<<<<

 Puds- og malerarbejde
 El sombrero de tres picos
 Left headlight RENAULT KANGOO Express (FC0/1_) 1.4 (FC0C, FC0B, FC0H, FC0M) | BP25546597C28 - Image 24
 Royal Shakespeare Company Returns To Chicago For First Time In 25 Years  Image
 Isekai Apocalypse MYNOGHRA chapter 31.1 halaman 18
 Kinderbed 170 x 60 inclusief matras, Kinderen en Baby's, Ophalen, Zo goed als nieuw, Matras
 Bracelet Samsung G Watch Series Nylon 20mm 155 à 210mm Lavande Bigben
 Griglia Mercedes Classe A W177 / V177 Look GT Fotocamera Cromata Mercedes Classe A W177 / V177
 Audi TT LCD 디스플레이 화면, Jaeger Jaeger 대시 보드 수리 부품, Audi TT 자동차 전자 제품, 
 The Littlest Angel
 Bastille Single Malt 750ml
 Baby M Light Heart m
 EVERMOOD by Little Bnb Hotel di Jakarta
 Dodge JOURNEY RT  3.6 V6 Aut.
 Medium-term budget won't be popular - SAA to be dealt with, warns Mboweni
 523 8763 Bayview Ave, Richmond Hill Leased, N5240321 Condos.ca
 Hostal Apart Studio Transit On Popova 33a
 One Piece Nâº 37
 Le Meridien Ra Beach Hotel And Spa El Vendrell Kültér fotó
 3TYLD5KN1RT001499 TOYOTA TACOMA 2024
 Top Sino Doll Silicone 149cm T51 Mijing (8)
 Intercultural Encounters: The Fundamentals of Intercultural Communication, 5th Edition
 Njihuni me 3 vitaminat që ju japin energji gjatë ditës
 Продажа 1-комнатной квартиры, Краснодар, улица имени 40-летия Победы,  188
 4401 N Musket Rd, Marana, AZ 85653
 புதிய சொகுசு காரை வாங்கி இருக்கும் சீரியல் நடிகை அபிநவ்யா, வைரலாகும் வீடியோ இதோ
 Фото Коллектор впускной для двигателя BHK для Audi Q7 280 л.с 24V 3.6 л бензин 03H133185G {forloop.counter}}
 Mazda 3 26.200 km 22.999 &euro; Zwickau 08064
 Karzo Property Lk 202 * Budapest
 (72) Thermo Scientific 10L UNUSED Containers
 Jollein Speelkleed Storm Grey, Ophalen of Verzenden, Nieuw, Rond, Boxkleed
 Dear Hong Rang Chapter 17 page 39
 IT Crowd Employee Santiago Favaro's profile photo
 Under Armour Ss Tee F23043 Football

>>>>

Task directions> Every line from the one containing "The Littlest Angel" through the final line of the data above is to be restated word for word, and nothing more.

Answer to this exercise>
 The Littlest Angel
 Bastille Single Malt 750ml
 Baby M Light Heart m
 EVERMOOD by Little Bnb Hotel di Jakarta
 Dodge JOURNEY RT  3.6 V6 Aut.
 Medium-term budget won't be popular - SAA to be dealt with, warns Mboweni
 523 8763 Bayview Ave, Richmond Hill Leased, N5240321 Condos.ca
 Hostal Apart Studio Transit On Popova 33a
 One Piece Nâº 37
 Le Meridien Ra Beach Hotel And Spa El Vendrell Kültér fotó
 3TYLD5KN1RT001499 TOYOTA TACOMA 2024
 Top Sino Doll Silicone 149cm T51 Mijing (8)
 Intercultural Encounters: The Fundamentals of Intercultural Communication, 5th Edition
 Njihuni me 3 vitaminat që ju japin energji gjatë ditës
 Продажа 1-комнатной квартиры, Краснодар, улица имени 40-летия Победы,  188
 4401 N Musket Rd, Marana, AZ 85653
 புதிய சொகுசு காரை வாங்கி இருக்கும் சீரியல் நடிகை அபிநவ்யா, வைரலாகும் வீடியோ இதோ
 Фото Коллектор впускной для двигателя BHK для Audi Q7 280 л.с 24V 3.6 л бензин 03H133185G {forloop.counter}}
 Mazda 3 26.200 km 22.999 &euro; Zwickau 08064
 Karzo Property Lk 202 * Budapest
 (72) Thermo Scientific 10L UNUSED Containers
 Jollein Speelkleed Storm Grey, Ophalen of Verzenden, Nieuw, Rond, Boxkleed
 Dear Hong Rang Chapter 17 page 39
 IT Crowd Employee Santiago Favaro's profile photo
 Under Armour Ss Tee F23043 Football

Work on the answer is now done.